* **Work task**: Provide again, from the entries below, every line from the one containing "Hyundai SANTA FE" through the one containing "باكستان تدعي مقتل", exactly as written, and no other line.
BEGIN Given data
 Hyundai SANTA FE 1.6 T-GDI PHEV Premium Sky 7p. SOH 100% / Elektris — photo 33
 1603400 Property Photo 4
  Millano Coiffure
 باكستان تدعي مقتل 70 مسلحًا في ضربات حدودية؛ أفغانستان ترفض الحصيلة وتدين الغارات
END Given data
BEGIN Given data
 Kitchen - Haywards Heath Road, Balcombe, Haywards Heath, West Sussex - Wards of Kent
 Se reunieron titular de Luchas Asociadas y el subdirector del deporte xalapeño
END Given data
BEGIN Given data
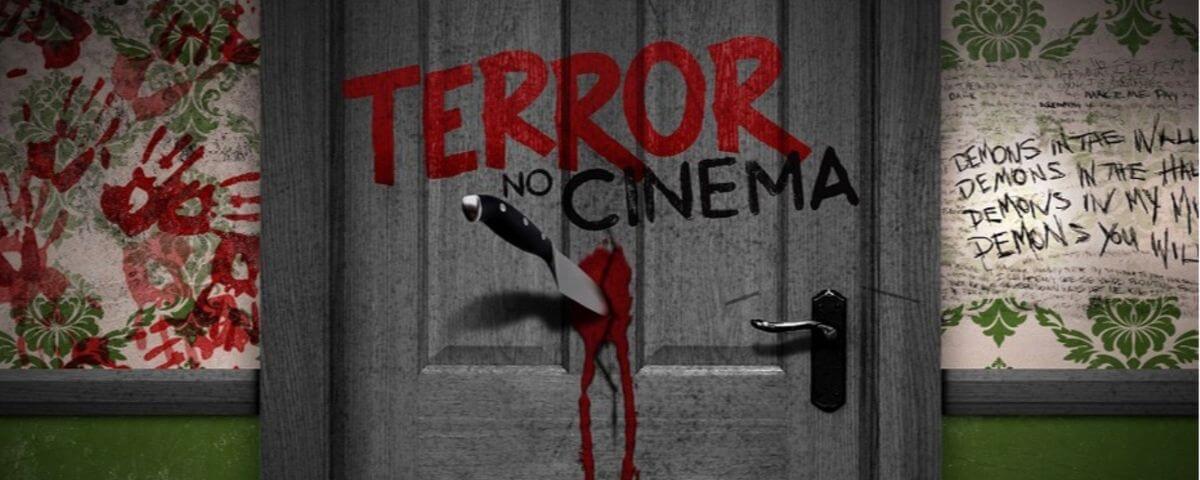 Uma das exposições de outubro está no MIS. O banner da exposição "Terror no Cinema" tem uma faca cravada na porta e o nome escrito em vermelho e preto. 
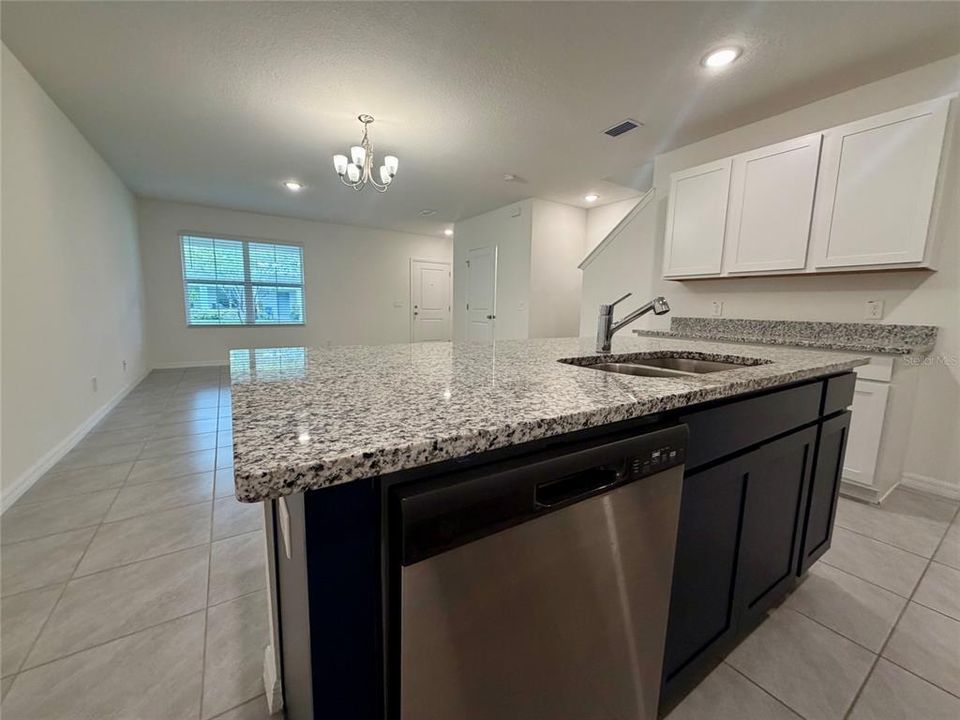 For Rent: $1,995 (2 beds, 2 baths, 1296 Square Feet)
END Given data
* **Expected answer**:
 Hyundai SANTA FE 1.6 T-GDI PHEV Premium Sky 7p. SOH 100% / Elektris — photo 33
 1603400 Property Photo 4
  Millano Coiffure
 باكستان تدعي مقتل 70 مسلحًا في ضربات حدودية؛ أفغانستان ترفض الحصيلة وتدين الغارات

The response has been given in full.